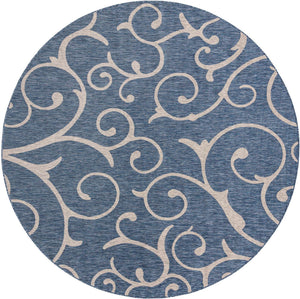 Blue 10' 8 x 10' 8 Outdoor Botanical Round Area Rug Weather Resistant for Patio, Deck, Terrace, Balcony, Porch Polypropylene Garden Floral Tropical Carpet for Sale at Rug Engine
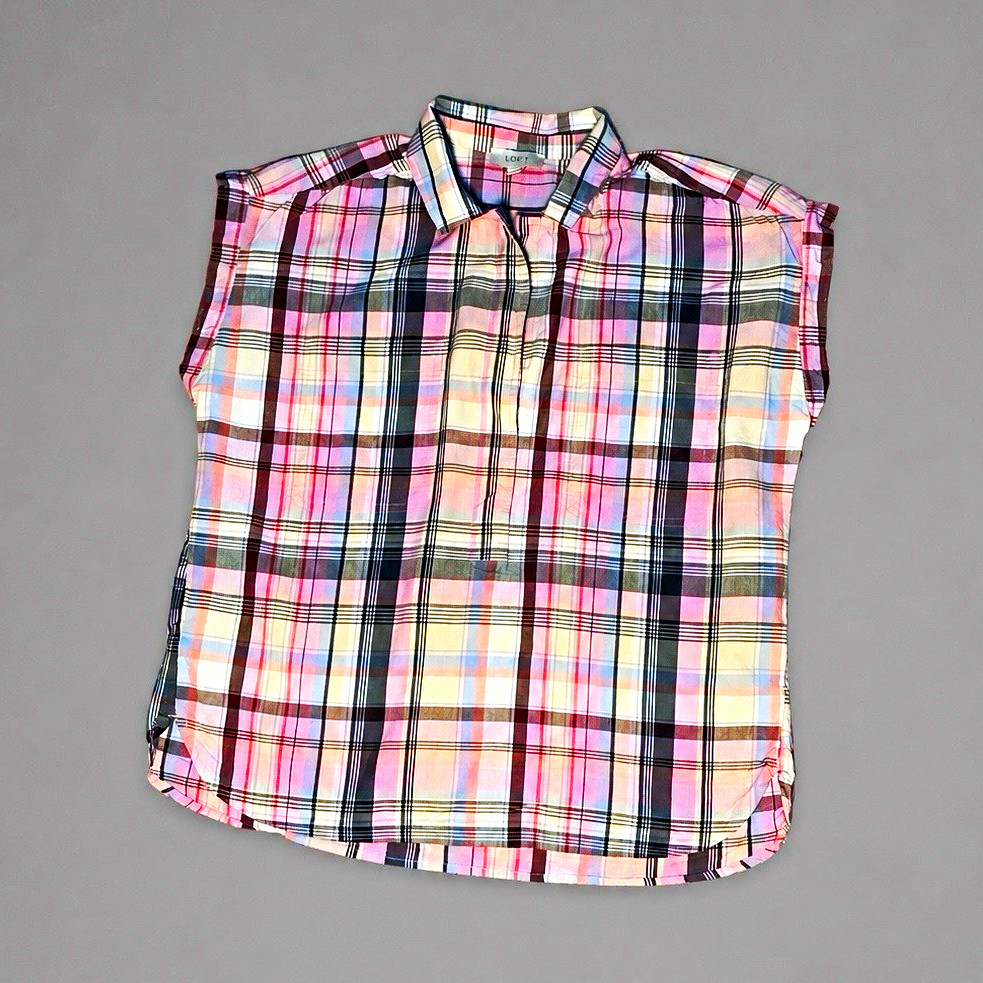 LOFT Pink/Blue/Yellow Plaid Collared Sleeveless Button-Up Top Womens M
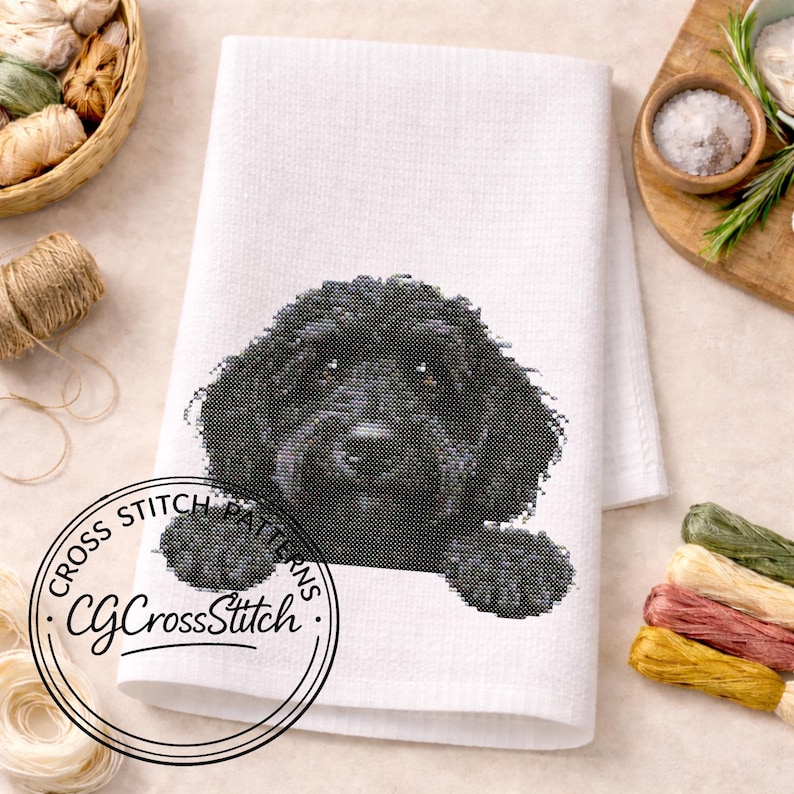 Goldendoodle Dog Cross Stitch Pattern, Cute Golden Doodle Dog Cross ...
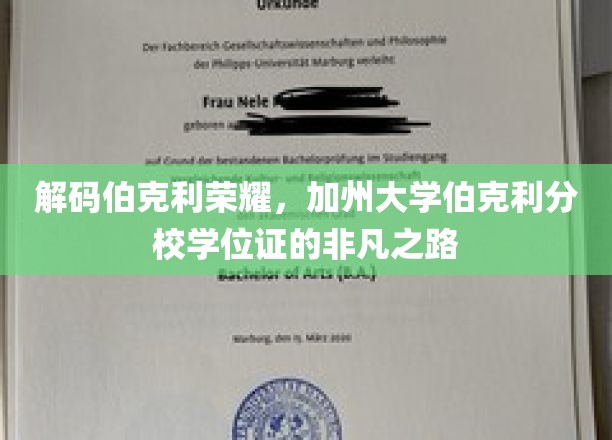 解码伯克利荣耀，加州大学伯克利分校学位证的非凡之路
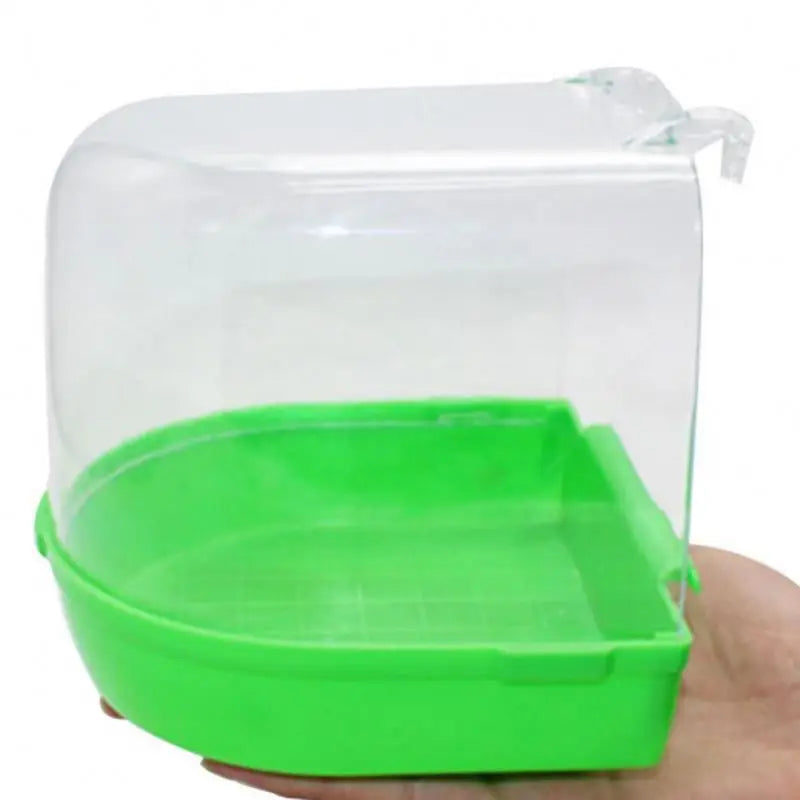 Plastic Bird Bath Box Bird Shower for Parrots Bath Hanging  Parrots Cages Mirror Bathtub for Birds Water Bath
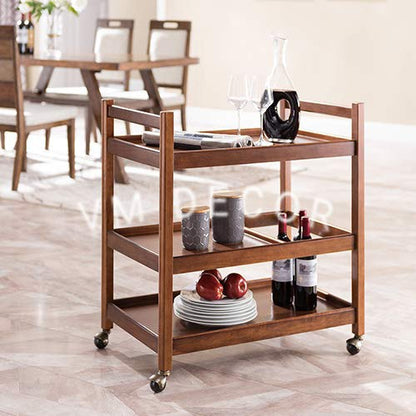 Vm decor 3-Tier Solid Wood Rolling Bar Cart Wine Serving Cart, Wheels,Utility Cart, Kitchen Storage Cart, Seasoning Rack on Wheel,for Dining Room Wine Serving Trolley (3 tier, Brown polish) (Style 17)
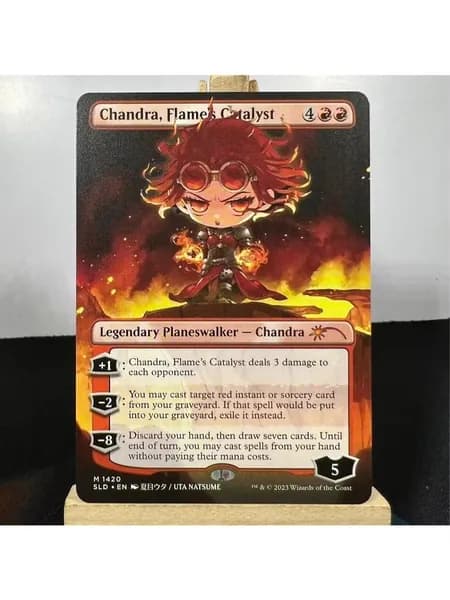 Набор MTG: Chandra FOIL, Chrome Mox, Chatterfang +25 раритетов FOIL-карты с защитным чехлом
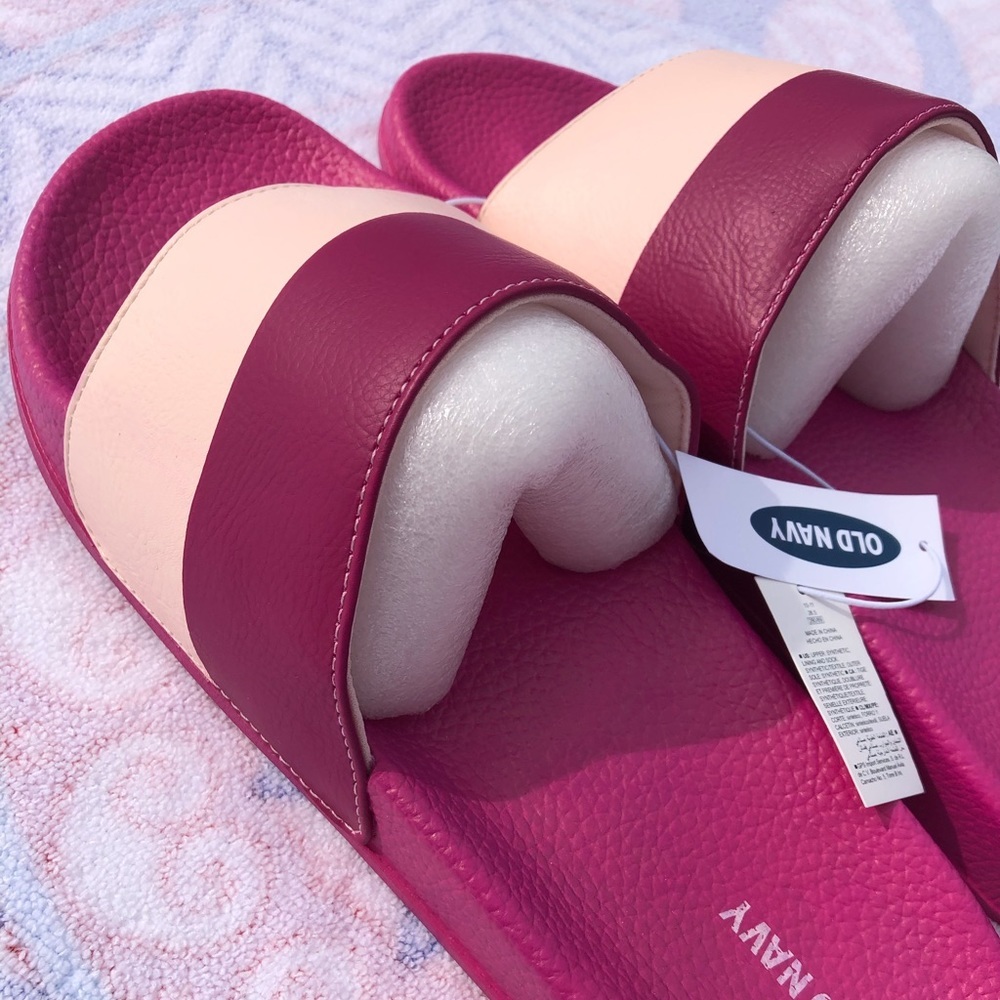 Pink Stripes Slide Molded Insole Runs Like Size 11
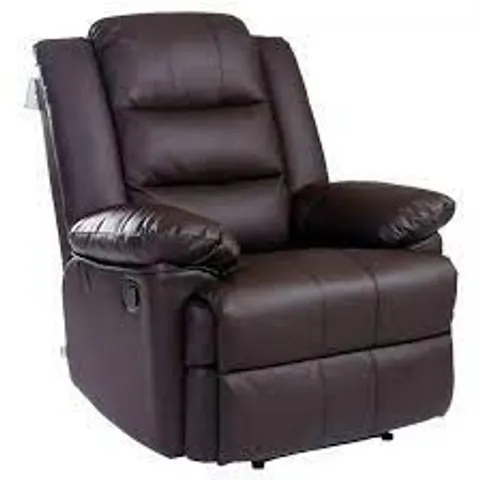 BOXED DESIGNER LOXLEY BROWN LEATHER MANUAL RECLINING EASY CHAIR (1 BOX)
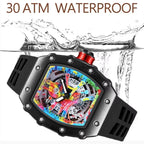 Luxury Watch Men Wrist Watches Tonneau Multifunction Graffiti Dial Auto Date Waterproof Sports Casual Clock Men Quartz Watches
##############################
Task item —
Copy out only the lines beginning at the line with "Vm decor 3-Tier" and ending at the last line of the entries. Keep them exact; drop pictures.

Result —
 Vm decor 3-Tier Solid Wood Rolling Bar Cart Wine Serving Cart, Wheels,Utility Cart, Kitchen Storage Cart, Seasoning Rack on Wheel,for Dining Room Wine Serving Trolley (3 tier, Brown polish) (Style 17)
 Набор MTG: Chandra FOIL, Chrome Mox, Chatterfang +25 раритетов FOIL-карты с защитным чехлом
 Pink Stripes Slide Molded Insole Runs Like Size 11
 BOXED DESIGNER LOXLEY BROWN LEATHER MANUAL RECLINING EASY CHAIR (1 BOX)
 Luxury Watch Men Wrist Watches Tonneau Multifunction Graffiti Dial Auto Date Waterproof Sports Casual Clock Men Quartz Watches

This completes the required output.